- Programming in general is a thing I struggle with. I believe myself to be fairly competent with DM and have been trying to improve with it over the last year, but when it comes to actually creating a system or such, I basically hit a brick wall. I can never decide on the best way to handle something. This mindset partially comes from some older projects I did that were... complete messes when I got any progress in them. I'd rather do it right the first time than end up with a huge convoluted pile of garbage that I have to fix.
- Motivation is another. When I have an idea and work on it a bit, then stop and start again another day, I always sit back and go "why bother? Who would think this is fun? Would someone pay for this if I wanted to try to make money off of this?" Even with simple ideas that I know for a fact I could create, I always run into motivational problems.
- Teamwork, when looking at it, is something I've never been able to do. All of my projects thus far have been pretty much myself without help. At a point, I go "I wish I had someone to help me", and even attempt to seek help. When I get help though, I honestly don't know what to do with it because I prefer to write everything myself (a faulty reason behind why I don't use libraries, I've never felt comfortable using another's code due to how I like to format mine). Working on a project alone is certainly a motivation killer for me.

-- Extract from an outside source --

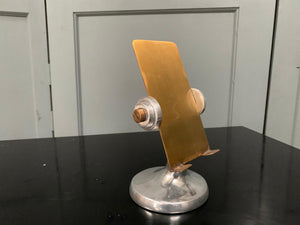 Nickel & Brass Phone Holder - Iphone & Android Compatible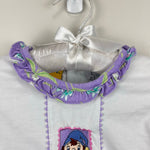 Load image into Gallery viewer, Vintage 90s Y2K Noddy Short Sleeve Floral Ruffle T-Shirt 3T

I've wrote down on a notepad that sits on my desk that says "FINISH A GAME BY SEPTEMBER 15TH YOU LOON", and every day I look at it. I want to finish a game by September 15th, but I cannot make myself do it. I have no incentive, no drive, but I want to do it. Something is horribly wrong with me.
In other news, I beat Regressia about a week or two ago and I must say it was a very fun ride. Never before have I been so into a game and the mysteries hidden within it. I whole-heartily recommend it to anyone that likes RPGs, etc.